» **Record extracts**:
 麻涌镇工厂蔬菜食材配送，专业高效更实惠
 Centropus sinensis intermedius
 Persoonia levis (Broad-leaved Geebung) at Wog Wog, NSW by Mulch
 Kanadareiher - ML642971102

...

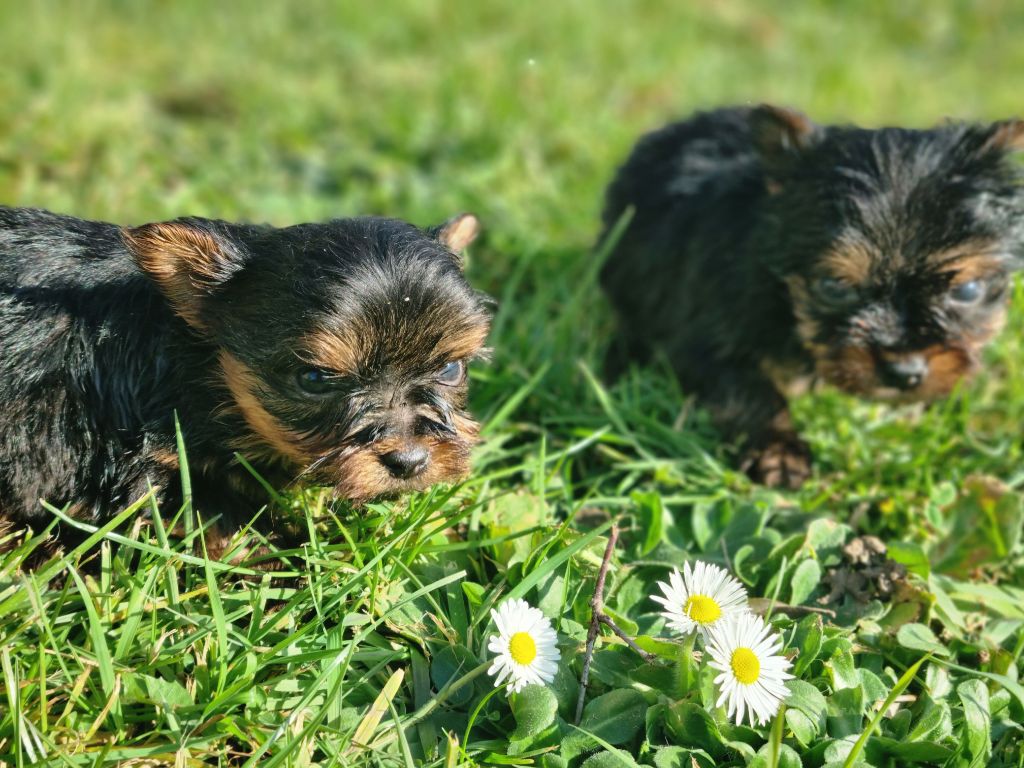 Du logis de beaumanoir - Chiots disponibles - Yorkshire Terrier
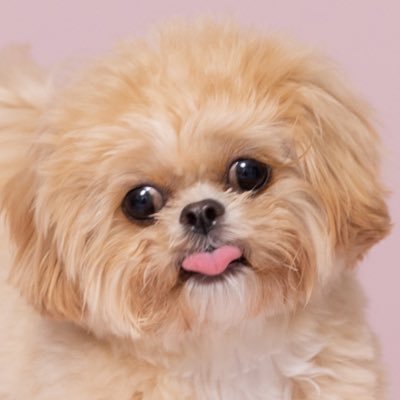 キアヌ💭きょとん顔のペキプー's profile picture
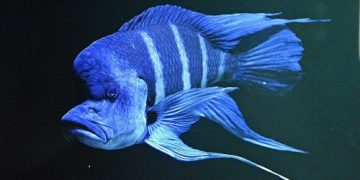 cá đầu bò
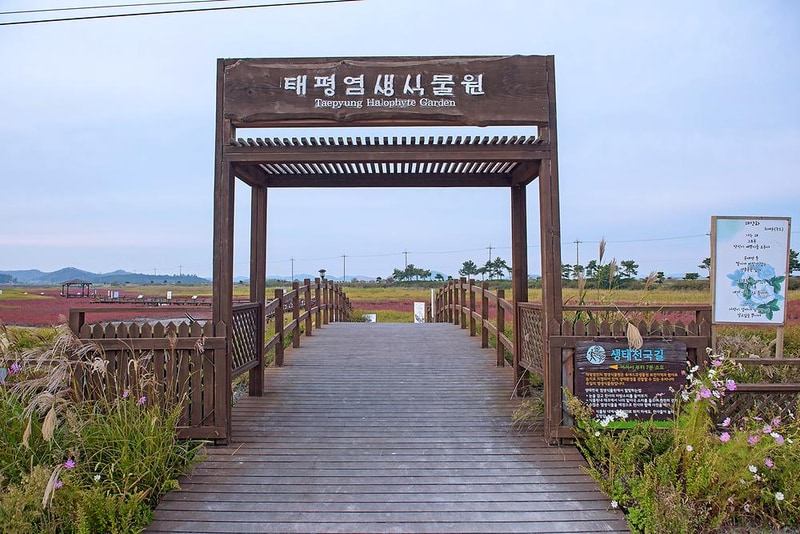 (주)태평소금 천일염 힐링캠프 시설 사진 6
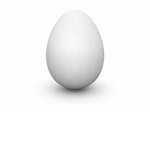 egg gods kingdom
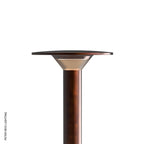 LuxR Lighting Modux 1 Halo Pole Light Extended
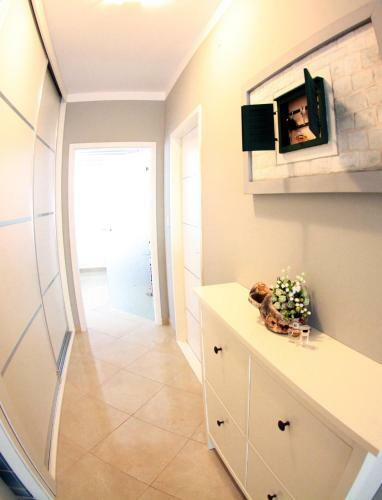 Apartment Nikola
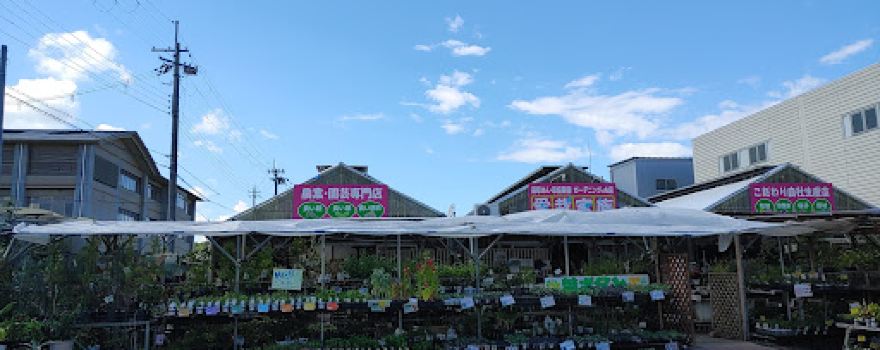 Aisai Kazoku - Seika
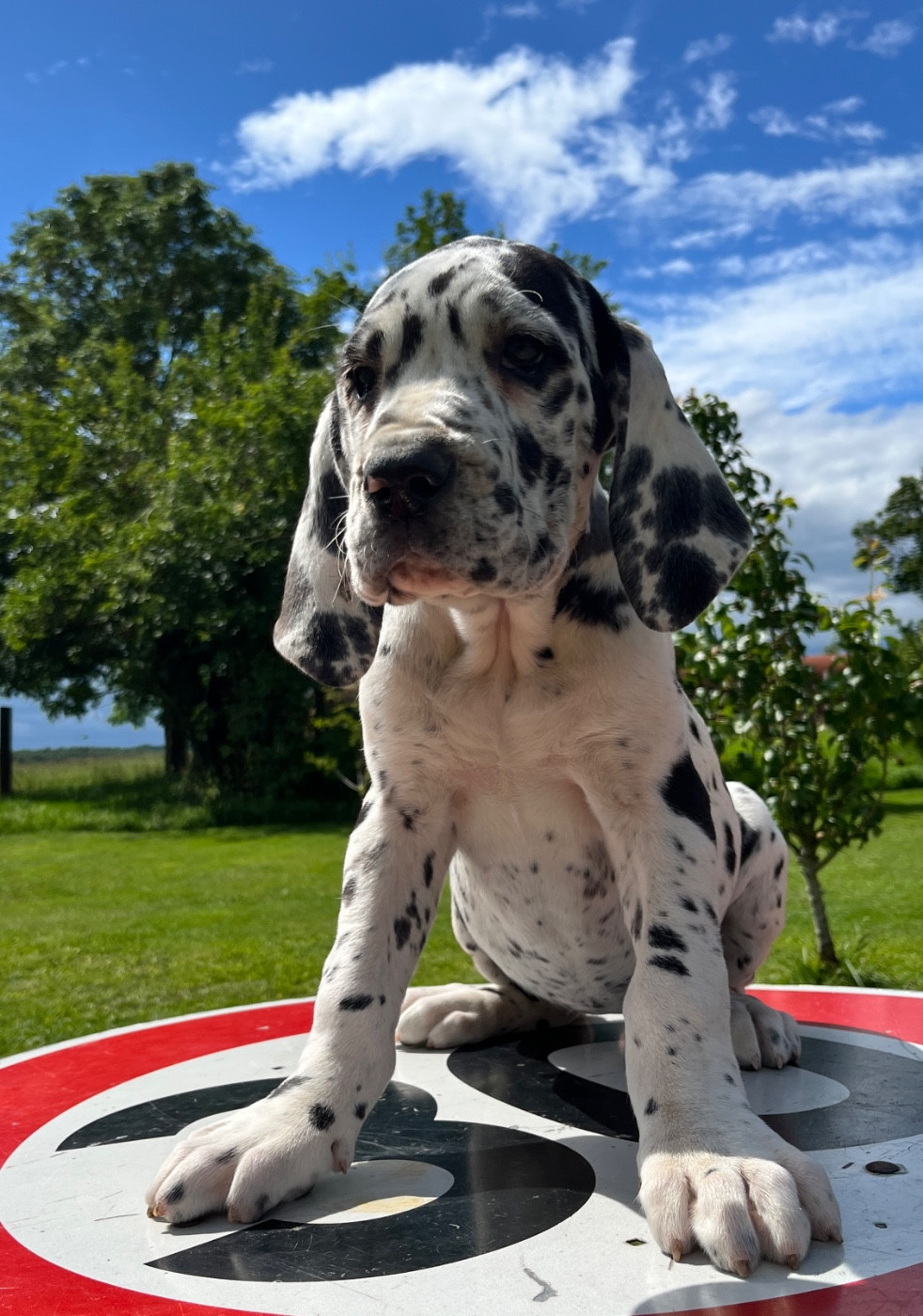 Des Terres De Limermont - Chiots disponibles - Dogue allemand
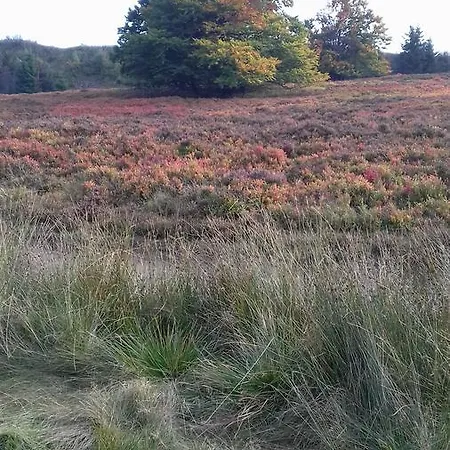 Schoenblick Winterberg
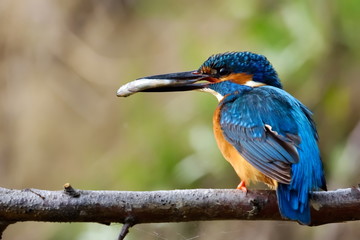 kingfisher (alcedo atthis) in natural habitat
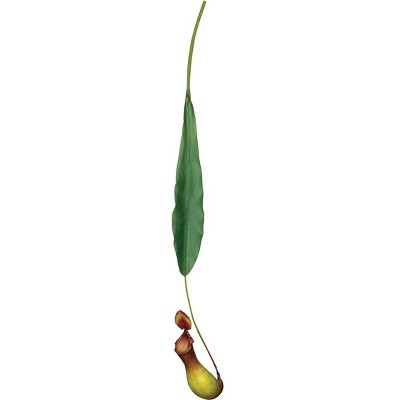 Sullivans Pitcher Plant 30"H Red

» **The task**: Above are records; repeat only the lines from the line with "キアヌ💭きょとん顔のペキプー's profile picture" through the line with "Sullivans Pitcher Plant", and leave pictures out.

» **Response box**:
 キアヌ💭きょとん顔のペキプー's profile picture
 cá đầu bò
 (주)태평소금 천일염 힐링캠프 시설 사진 6
 egg gods kingdom
 LuxR Lighting Modux 1 Halo Pole Light Extended
 Apartment Nikola
 Aisai Kazoku - Seika
 Des Terres De Limermont - Chiots disponibles - Dogue allemand
 Schoenblick Winterberg
 kingfisher (alcedo atthis) in natural habitat
 Sullivans Pitcher Plant 30"H Red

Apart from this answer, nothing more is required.